Merrow Recommends Pulling Plug on Natural Area Study

Ossipee — February 14, 2006 — In a written statement submitted at last night’s Ossipee Selectmen’s meeting, Harry Merrow recommended that the town cancel the second phase of the botanical study of Ossipee Lake Natural Area.

The study is one of a number of research projects the state says the town must pay for before it can consider whether a beach is feasible in the Natural Area.

Saying that good poker players know “there’s a time to hold ‘em and a time to fold ‘em,” Merrow said “now is the time to fold ‘em.” He said his recommendation was based on DRED Commissioner Sean O’Kane’s plan to leave the agency in the spring.

The Governor has asked O’Kane’s predecessor, George Bald, to return to the agency.
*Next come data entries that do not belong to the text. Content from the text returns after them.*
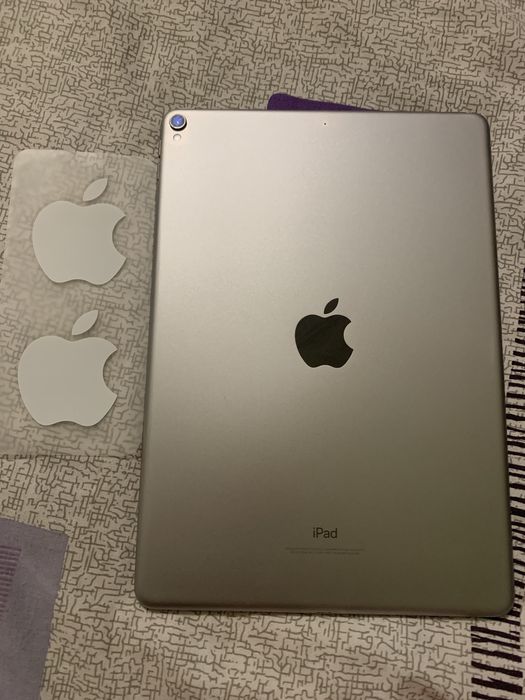 Ipad pro 10.5 A1701 120zh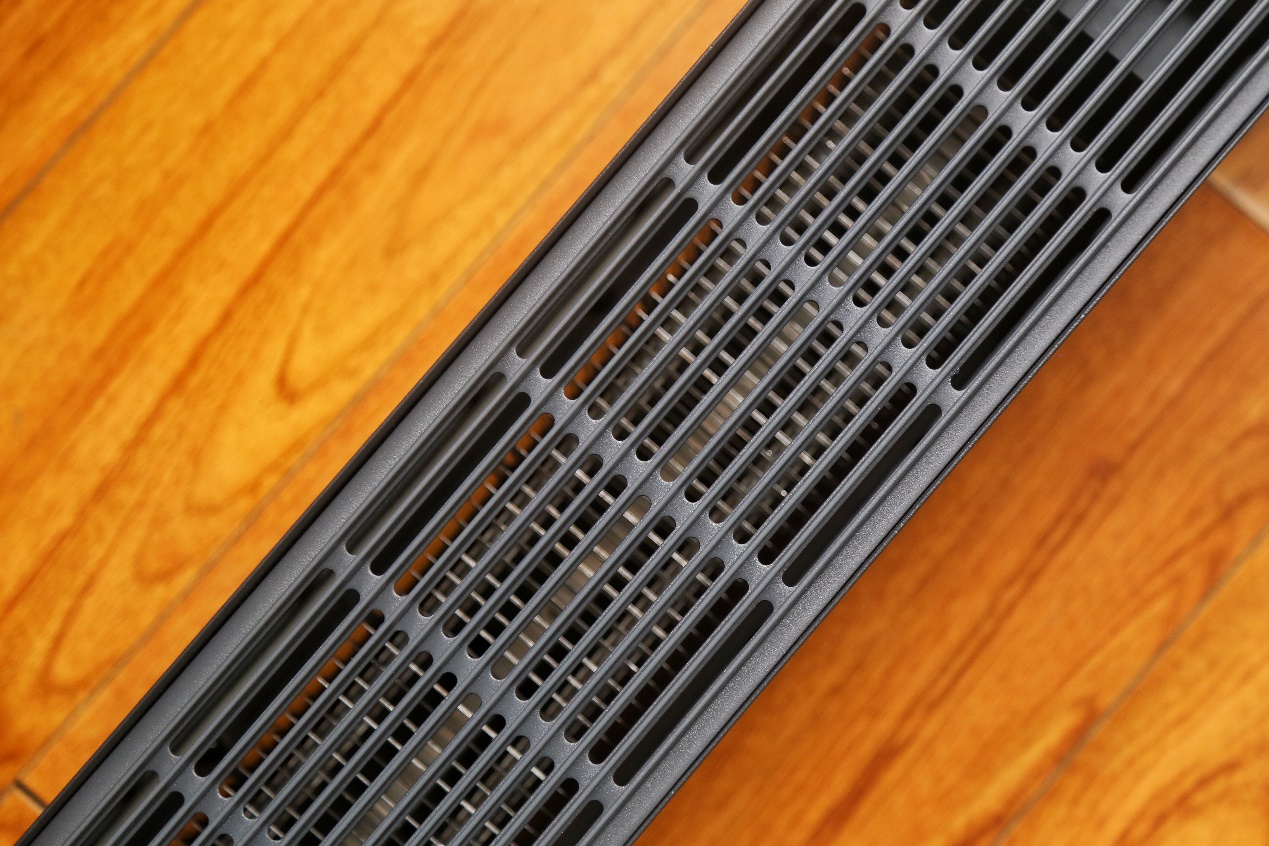 踢脚线智能电暖器,米家石墨烯折叠踢脚线电暖器超薄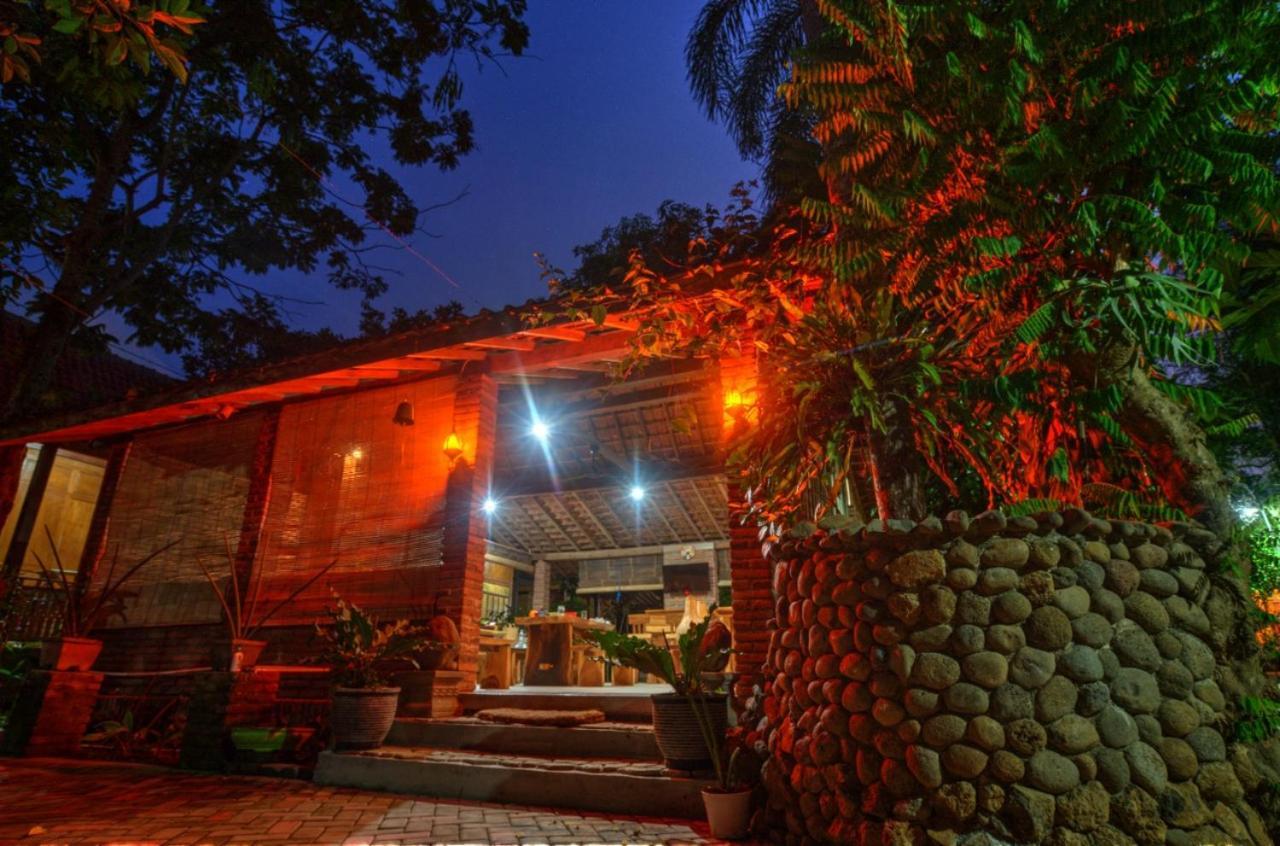 Bata Merah Homestay Banyuwangi  Exterior foto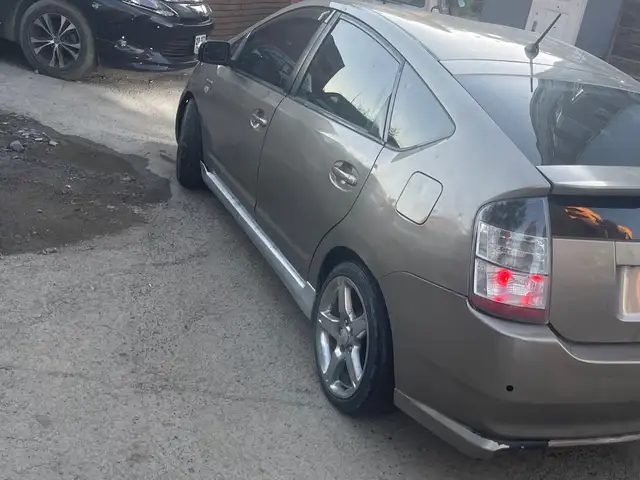 Toyota Prius 20
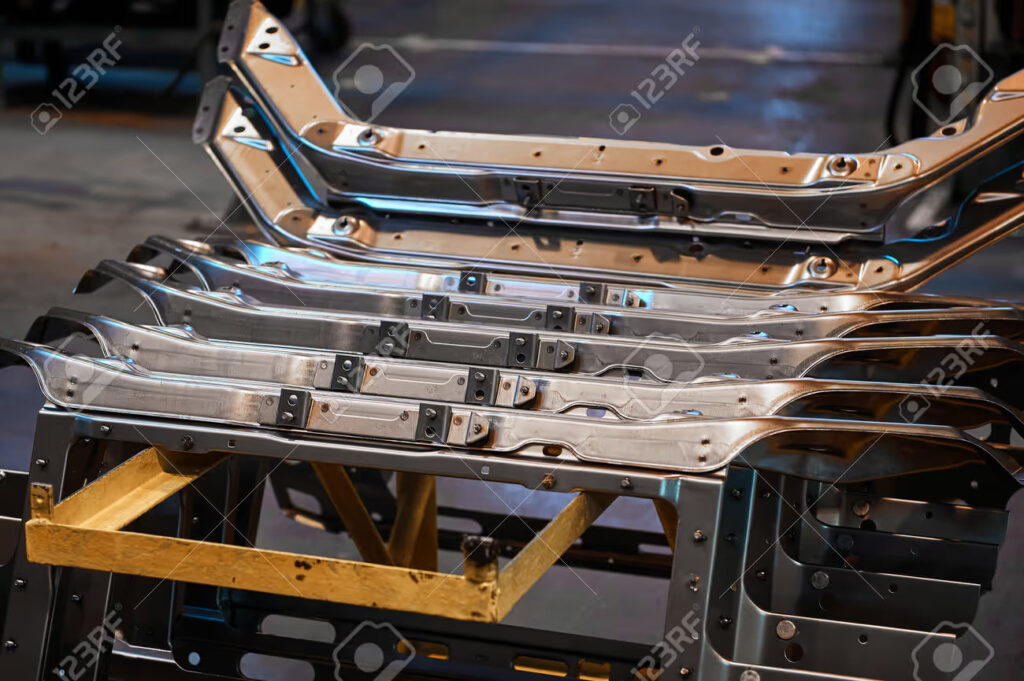 207734413 details of car carcass hang on assembling conveyor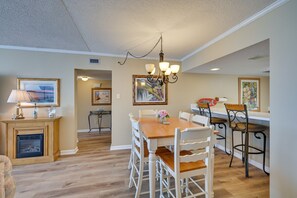Dining - Oceanfront Myrtle Beach Condo w/ Outdoor Pool (Myrtle Beach)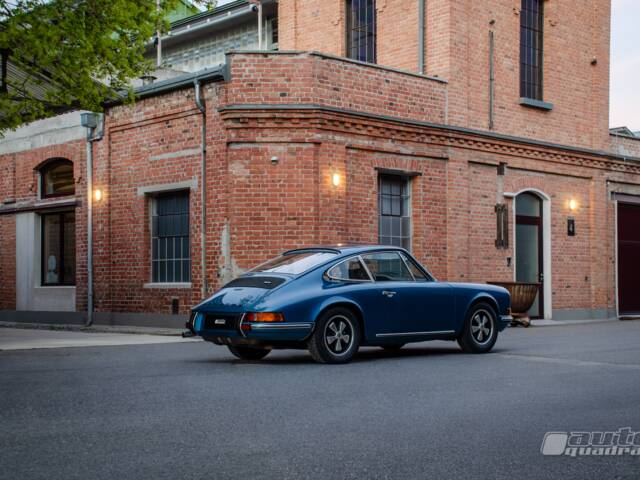 Porsche 911 2.4 T
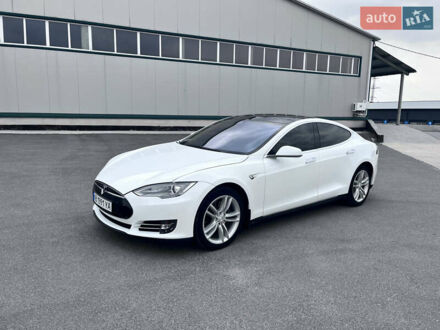 Тесла Модель С 2015 в Виннице на Automoto.ua Белый Тесла Модель С, объемом двигателя 0 л и пробегом 172 тыс. км за 14002 $, фото 1 на Automoto.ua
In 1999, Bald supervised the state’s review of Ossipee’s previous beach proposal and concluded that a beach would be incompatible with the Natural Area’s fragile environment.

Referring to Bald, Merrow said “We don’t see eye to eye on the beach issue and I believe not much could be accomplished in pushing this in the immediate future.”

Last fall the town spent $1,000 on the first half of the botanical study, which was conducted by state biologists who found that the proposed beach area contains four types of rare natural communities, one of which is not known to exist elsewhere in the state. The site also contains a plant species that is endangered in the state.

Merrow, who has been skeptical of the State’s claims about rare plants and ancient artifacts in the Natural Area, called the findings “inconclusive” and said that while the natural communities and endangered plants might be rare in the state, “they may not be rare outside the state.”

In recommending that the town cancel the second phase of the study, Merrow made it clear he was not giving up on the beach idea. He said his understanding was that the remaining $19,000 in the town’s budget for beach-related activities would “remain in the account until needed sometime in the future.”

“Make no mistake this means the end of a hand, not the end of the game,” he said.